# TASK TO CARRY OUT
From the entries that follow, reproduce exactly and only the lines from the line with "Printable nursing worksheet" to the line with "Couple Photo Collage Night Light", endpoints included.

# STUDY MATERIAL
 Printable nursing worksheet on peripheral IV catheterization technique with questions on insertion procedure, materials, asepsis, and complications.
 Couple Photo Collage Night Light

==

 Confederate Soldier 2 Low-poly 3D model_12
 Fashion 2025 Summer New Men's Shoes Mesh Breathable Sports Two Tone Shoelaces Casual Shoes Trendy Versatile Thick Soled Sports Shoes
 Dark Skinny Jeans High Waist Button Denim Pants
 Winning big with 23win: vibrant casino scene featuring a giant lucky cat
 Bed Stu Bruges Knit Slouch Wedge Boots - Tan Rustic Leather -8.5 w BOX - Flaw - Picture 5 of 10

==

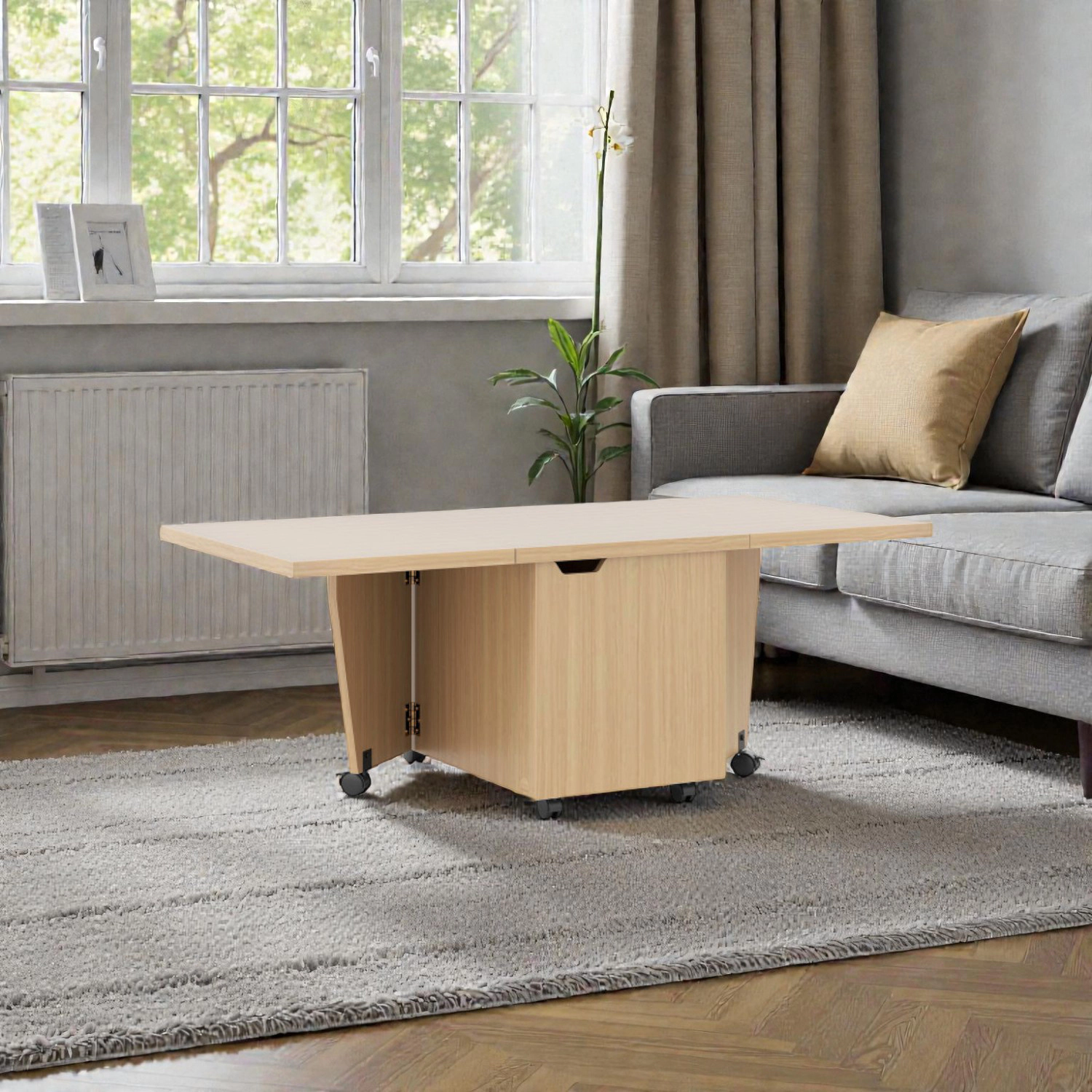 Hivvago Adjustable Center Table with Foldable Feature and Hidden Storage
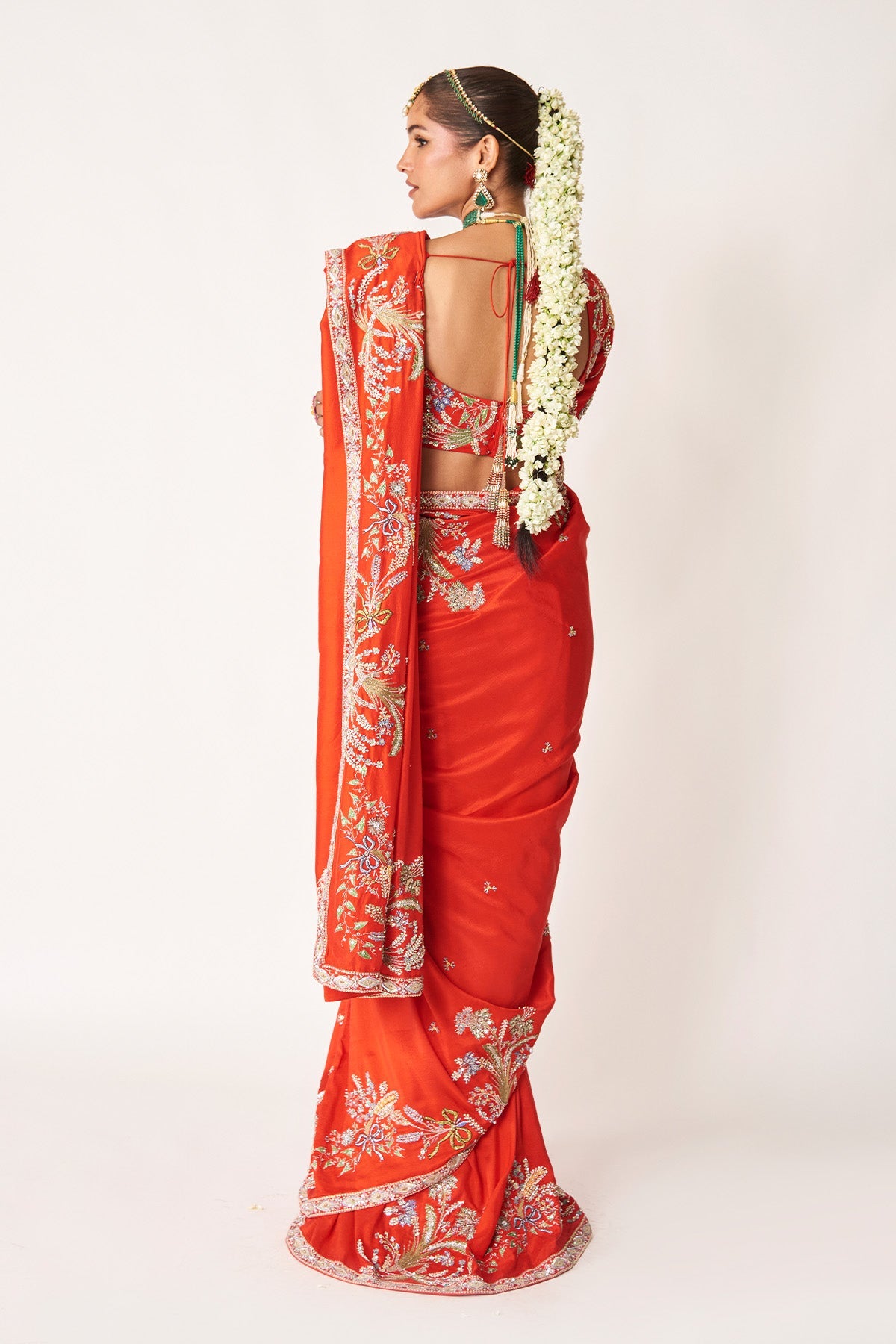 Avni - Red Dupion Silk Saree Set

# WRITTEN ANSWER
 Printable nursing worksheet on peripheral IV catheterization technique with questions on insertion procedure, materials, asepsis, and complications.
 Couple Photo Collage Night Light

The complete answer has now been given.